But I was always shy of stopping and losing momentum and so did my best to just power on through such places instead of breaking to take photos. Which was a shame and - with hindsight - I suspect, a mistake. But then again, that part of the ride was a constant run of peaks and valleys; long slow punishments followed by swift and exciting rewards. There's no way you can stop at the bottom of a hill. You don't want to start the climb from a standing start if you can possibly avoid it.
My favourite placename of Day1: Kingston Bagpuize.
Interesting wildlife seen: Red Kites: 12. Rabbits: 20 alive. 2.75 dead.
Miles cycled: Difficult to tell precisely because of the Sat Nav's down time. Approximately 90.
It was, I should note, my first experience of saddle soreness. I've done journeys of 40, 50 and 60 miles without ever feeling any discomfort in that department... even if I'm not wearing the right gear. But on this occasion I found it wasn't long after 60 miles that a bit of soreness started to affect me. Hmmm.
Here's Day 2. (With similar blank-filling-in-to-make-up-for-Sat-Nav downtime)

When I set off I was a bit worried. Because while I felt strong at the close of Day 1 things had definitely tightened up overnight. But about ten miles in I started to loosen up and it got easier as the day went on. There were still some awfully unpleasant hills to contend with in the early part of the day mind.
I even, whisper it, broke the speed limit on one occasion. I wasn't trying to but there was a village at the bottom of a steep hill (I think it was Finstock (they should have a festival of Crowded House cover bands)) and it was pretty hard not to build up quite a speed on the way down. I was aware that as I passed the 30mph sign I was doing 34.9mph. Not recommended. Obviously. That would be irresponsible.
My favourite road junction name on Day 2: Camp Hill Circus
Interesting animals seen: Ostriches: 2. Rabbits: 20+ alive, 3 dead. Fox: 1 dead. Ugh.

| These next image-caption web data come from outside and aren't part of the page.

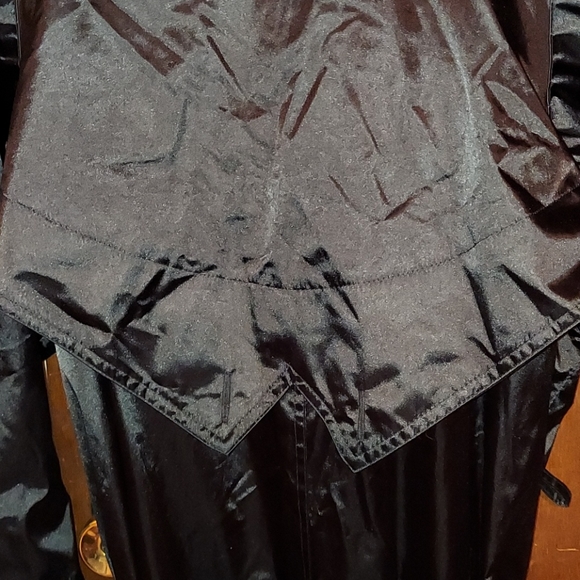 R Z R black coat - Picture 8 of 8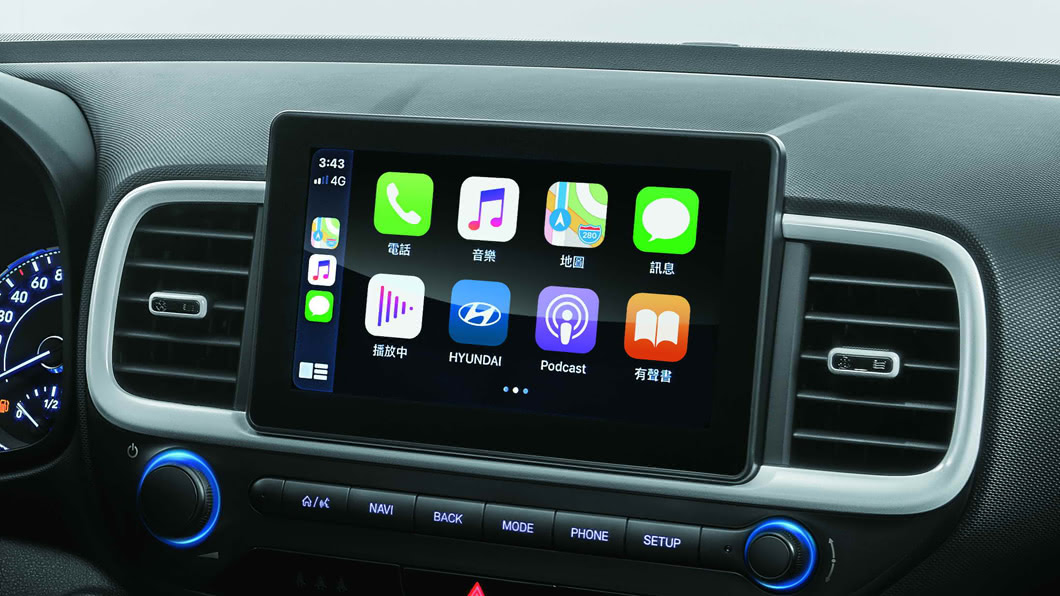 中央8吋液晶螢幕具備Apple CarPlay功能,中階以上車型還配有倒車顯影。(圖片來源/ Hyundai)
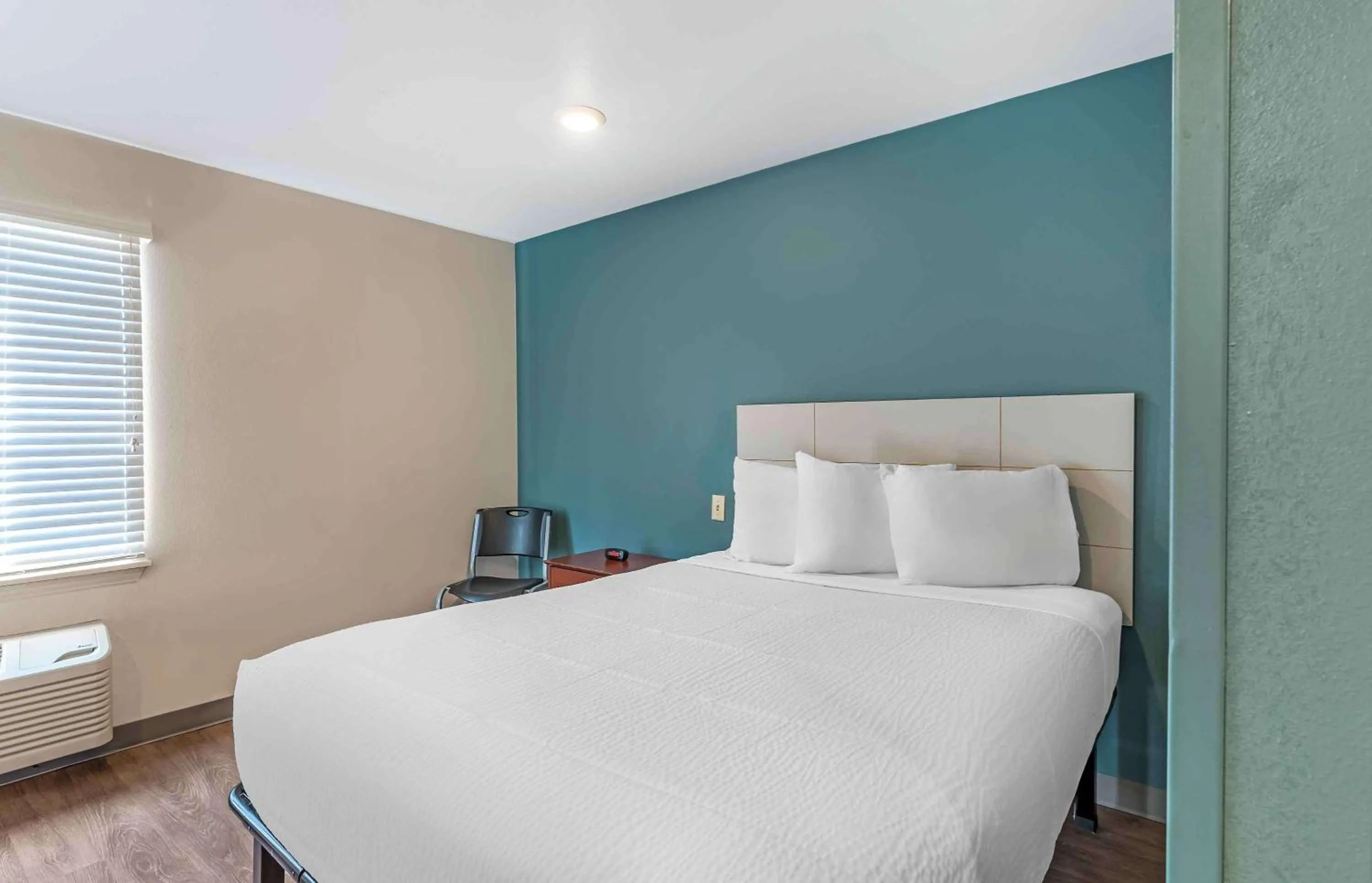 Bedroom, Bed in Extended Stay America Select Suites - Little Rock - Southwest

Miles cycled: Difficult to tell precisely because of the Sat Nav's down time. Approximately 90.
Day 3. This time, having come to a good working arrangement with my Sat Nav, it's been able to upload it to my computer and this is the exact route that I took.

Incidentally, a quick note to the schoolgirls of Tamworth: smoking on the way to school makes you look more childlike, not less. Honest. It really does.
I didn't feel anywhere near as tight in the muscles at the start of Day 3. I reckon I can put that down to the magic of my
Skins recovery tights. I slept in them overnight and I'm pretty convinced that my legs started the next day feeling better as a result. Odd. Tingly-odd. But if it works...
The biggest improvement I made as I went on was in stopping, eating and drinking. On Day 3 I think I realised that time wasn't really the enemy as I'd made my previous destinations in the early afternoon both times. (I took between 6 and 7 hours each day). So on Day 3, I took more breaks, sitting on more patches of grass and eating more snacks. I also drank more throughout the day. It's a habit I know I need to get into. Drink before you're thirsty, eat before you're hungry is the advice I've been given. I need to remind myself.
I didn't weigh myself at the end of Day 1 but I know I didn't drink enough. When I got to my Dad's, I'd sweated so much away there were dried salt crystals on my face. I felt fine but that can't be right. I tried to drink more on Day 2. I weighed myself when I got to my Mum's. I was over a stone lighter than I'd been at the start of the Day 1. Criminy! On Day 3 I think I managed to double my liquid intake. At the end of Day 3, my weight was exactly where it had been at the start of the day. I reckon I did okay on Day 3.
Anyway, by the time I got to Northampton - about 2.30 pm I'd done just over 90 miles again and the Sat Nav was telling me that the journey from there to mine was another 90 miles. I was hoping to leave something much smaller for the fourth day - say 30 or 40 miles - so that I'd know I could do it in the morning and still have the afternoon to make my arrangements for the Belfast trip... but seeing as the journey back to London had become 180 miles instead of the predicted 130 that was seeming unlikely. I knew I didn't have another 50 miles in me that day - saddle soreness seemed to kick in at around 60 miles each day - and so there was no way I could make any meaningful dent in the remainder.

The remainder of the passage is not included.